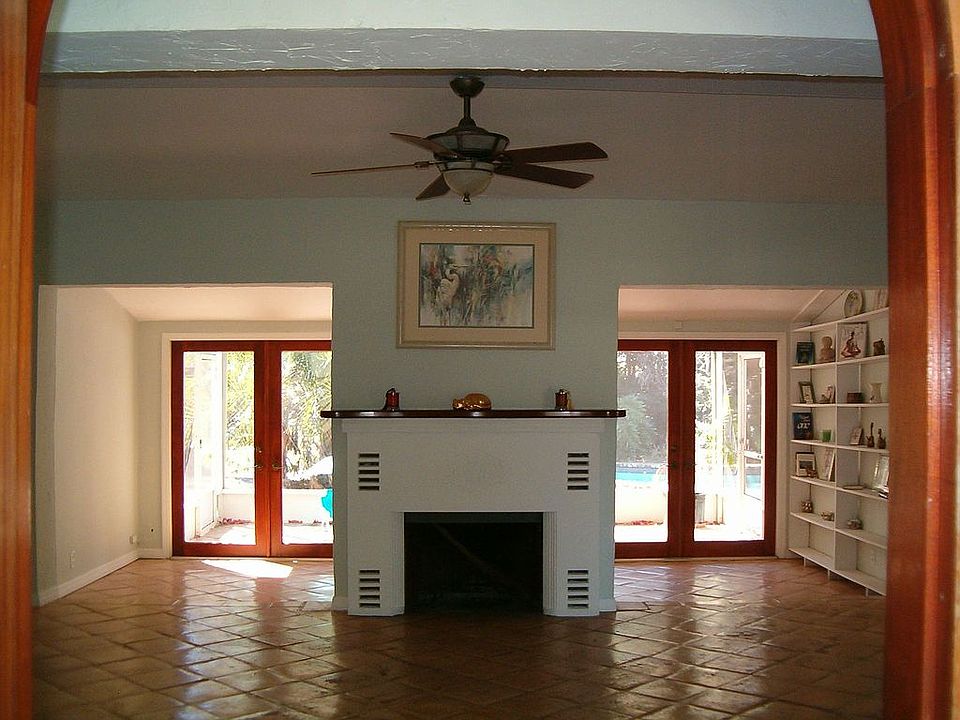 Living room with fireplace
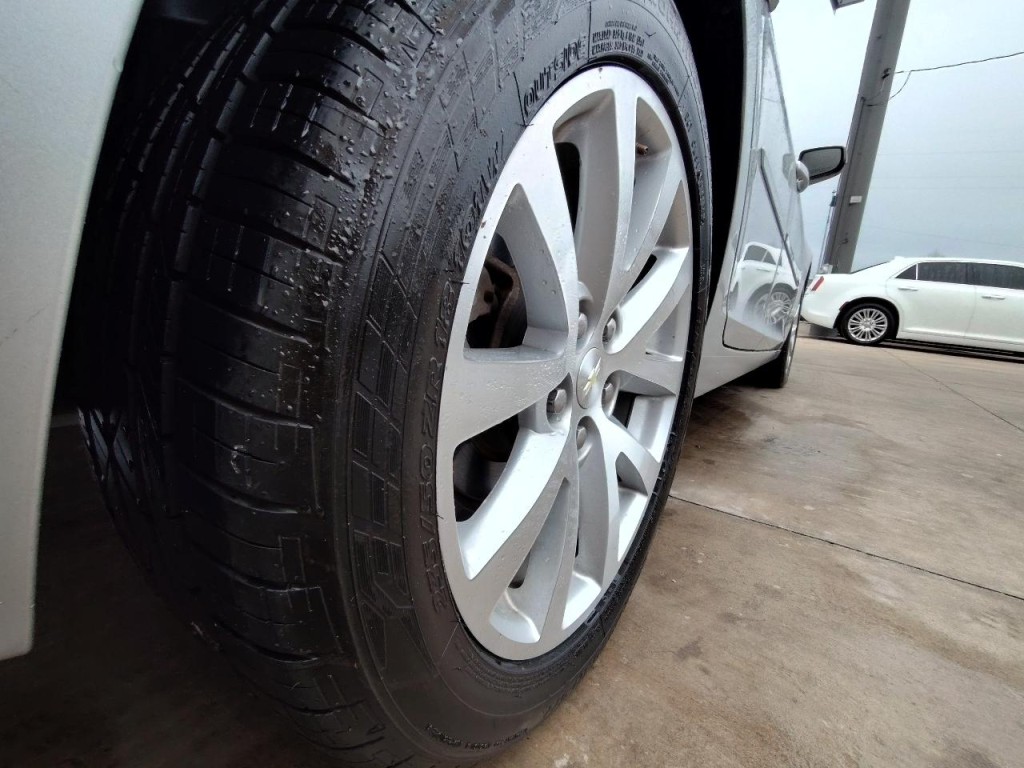 2015 Chevrolet Malibu Image 10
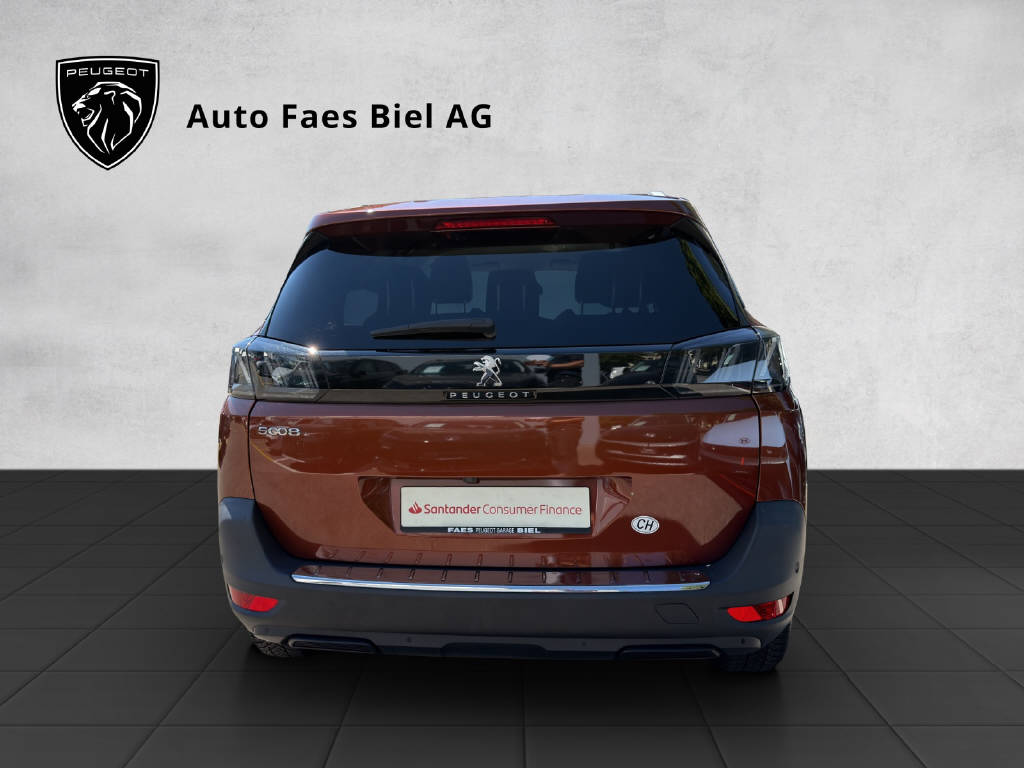 PEUGEOT 5008 1.2 PureTech Allure Pack-image-4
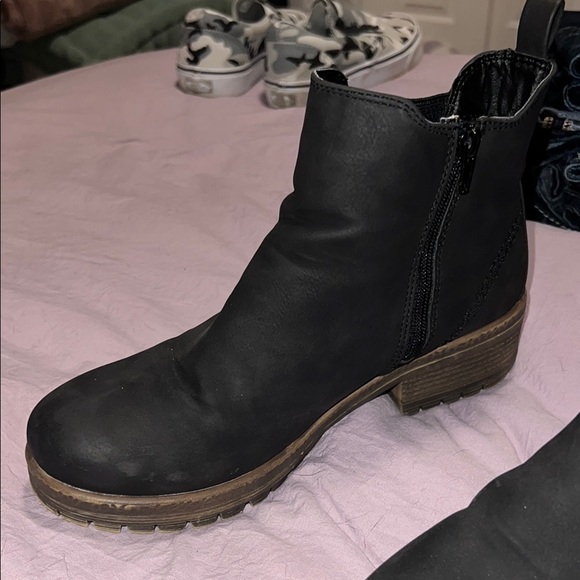 Maurice’s Booties - Picture 2 of 4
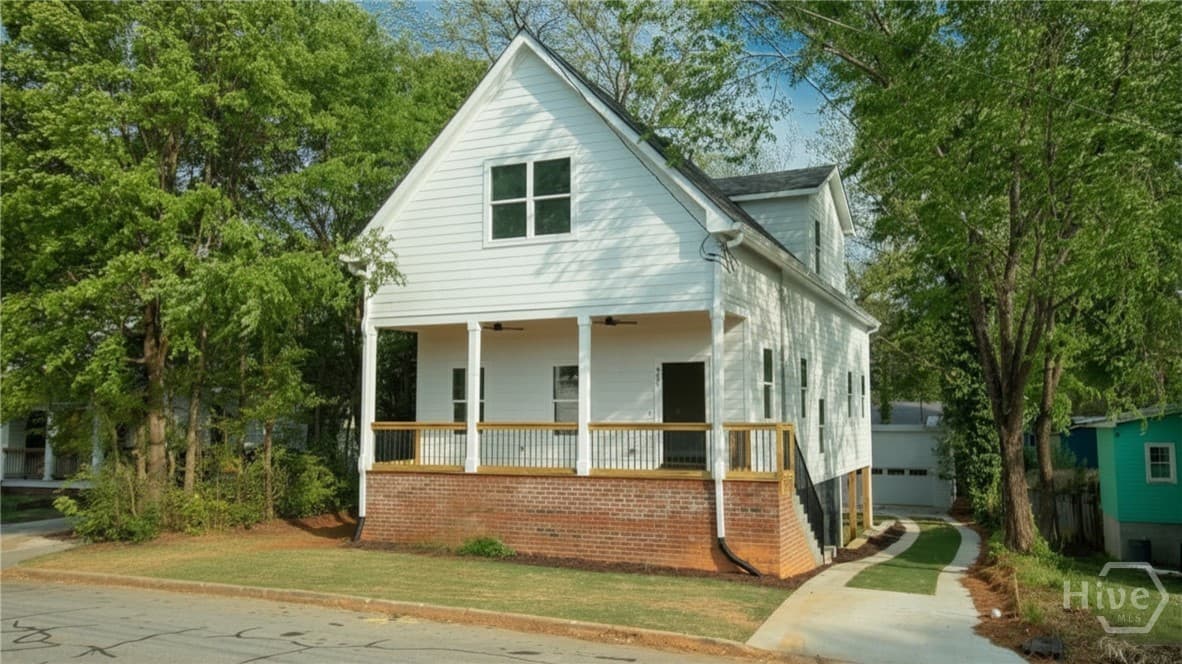 962 Reese Street - Photo 1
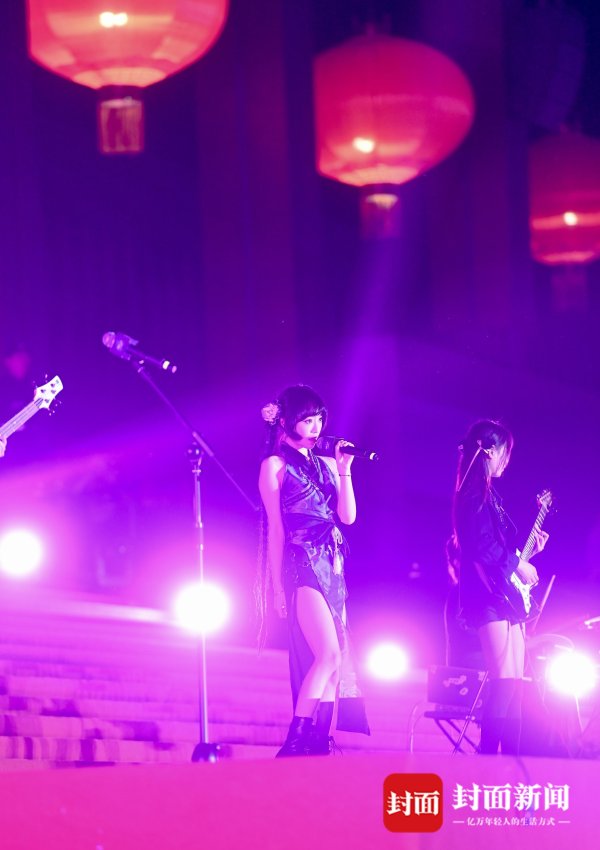 大牛证券 国风秀场+电音派对！多图直击星河奇境五一国潮嘉年华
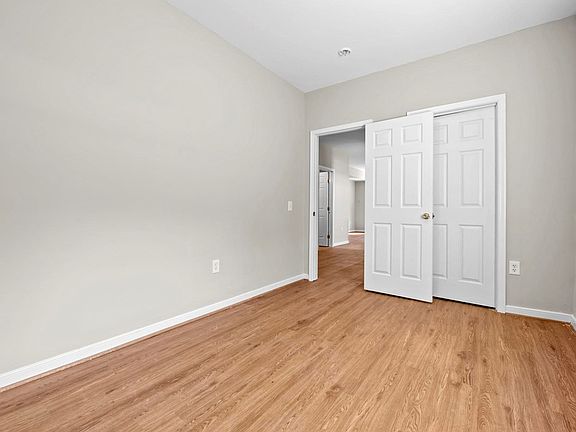 4th image of 115 Winston Dr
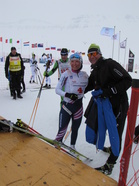 Tässä Islannin hiihtojen kuningatar Riitta-Liisa Roponen miehensä Toni Roposen kanssa.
◆ ◆ ◆
* _What to produce_
The copy should hold, exactly, the lines from the one containing "大牛证券 国风秀场+电音派对！多图直击星河奇境五一国潮嘉年华" to the final line of the listing above, with both ends present and no pictures.

* _Reply_
 大牛证券 国风秀场+电音派对！多图直击星河奇境五一国潮嘉年华
 4th image of 115 Winston Dr
 Tässä Islannin hiihtojen kuningatar Riitta-Liisa Roponen miehensä Toni Roposen kanssa.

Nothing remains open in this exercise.